= YOUR GOAL =
Write the entries below out again exactly; any picture in them stays out.

= AVAILABLE DATA =
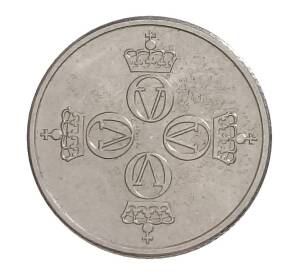 25 эре 1975 года Норвегия — Фото №2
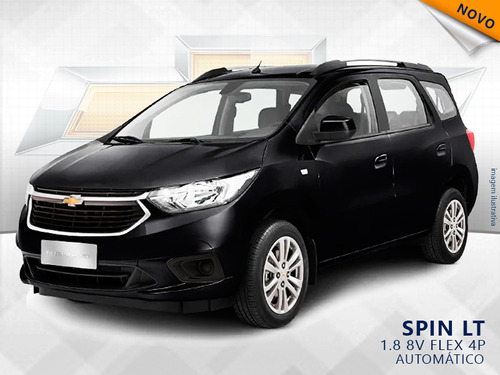 Chevrolet Spin 1.8 LT 8V FLEX 4P AUTOMÁTICO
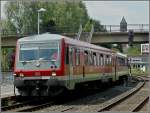 br-628-----928--629 628 461 aus Trier kommend, f�hrt am 06.06.10 in den Bahnhof von Gerolstein ein, um kurze Zeit sp�ter seine Reise nach K�ln Messe/Deutz fortzusetzen. (Hans)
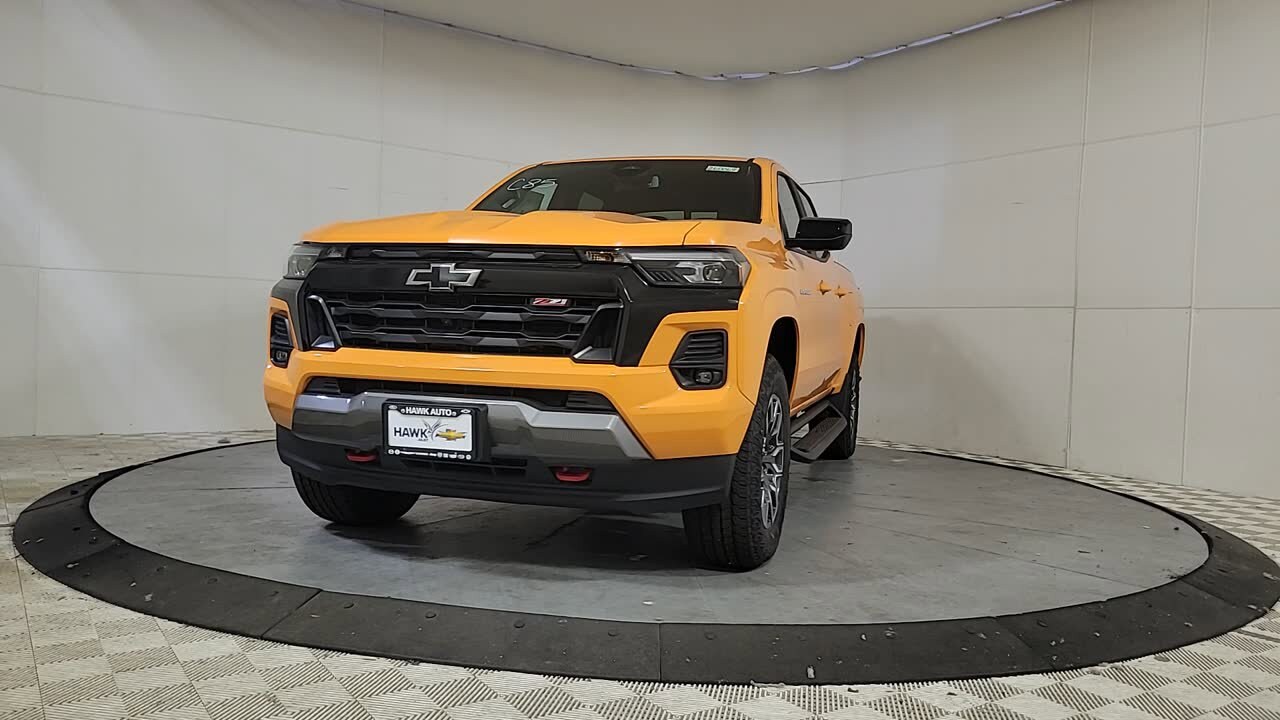 2026 Chevrolet Colorado Z71 photo 4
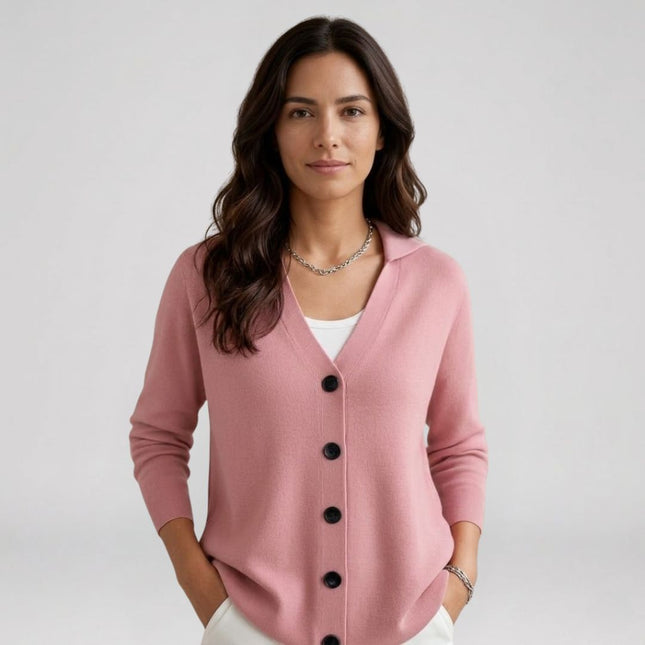 Clara Moretti | Cárdigan Elegante
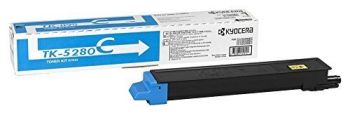 Kyocera TK-5280C Cyan Toner Cartridge (11,000 Pages*) 1T02TWCNL0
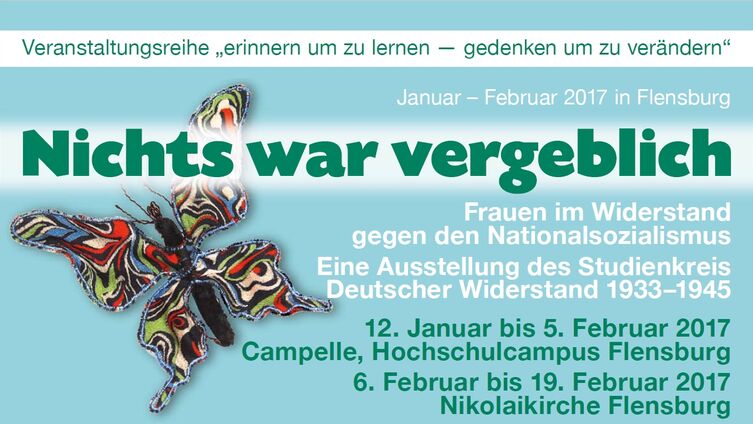 VA Nichts war vergeblich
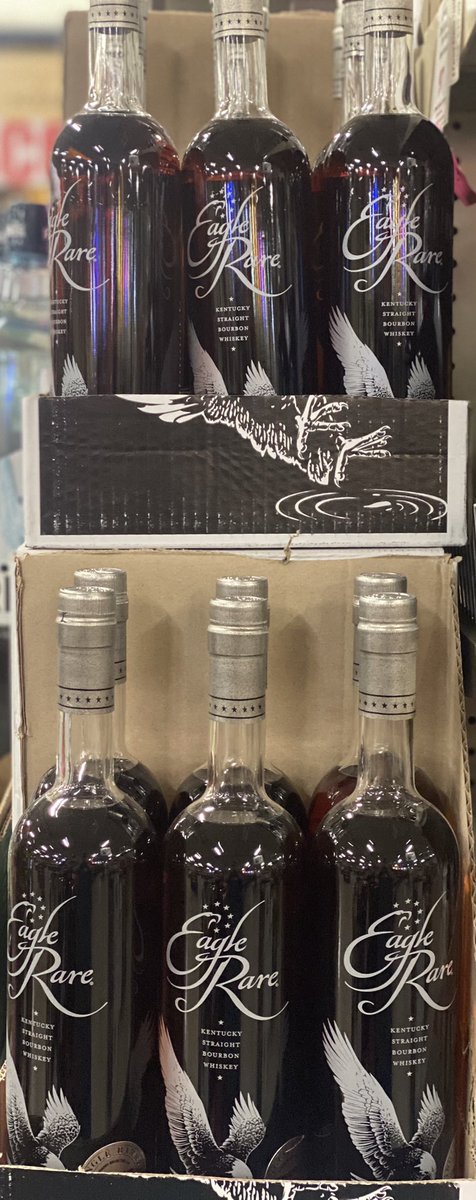 TimersBevCenter's tweet photo. Our latest barrel pick is in from @eaglerarelife !!!! Limit 2 per customer. #bourbondestination #racinebourbon https://t.co/uPaWjHRCEL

= TASK RESPONSE =
 25 эре 1975 года Норвегия — Фото №2
 Chevrolet Spin 1.8 LT 8V FLEX 4P AUTOMÁTICO
 br-628-----928--629 628 461 aus Trier kommend, f�hrt am 06.06.10 in den Bahnhof von Gerolstein ein, um kurze Zeit sp�ter seine Reise nach K�ln Messe/Deutz fortzusetzen. (Hans)
 2026 Chevrolet Colorado Z71 photo 4
 Clara Moretti | Cárdigan Elegante
 Kyocera TK-5280C Cyan Toner Cartridge (11,000 Pages*) 1T02TWCNL0
 VA Nichts war vergeblich
 TimersBevCenter's tweet photo. Our latest barrel pick is in from @eaglerarelife !!!! Limit 2 per customer. #bourbondestination #racinebourbon https://t.co/uPaWjHRCEL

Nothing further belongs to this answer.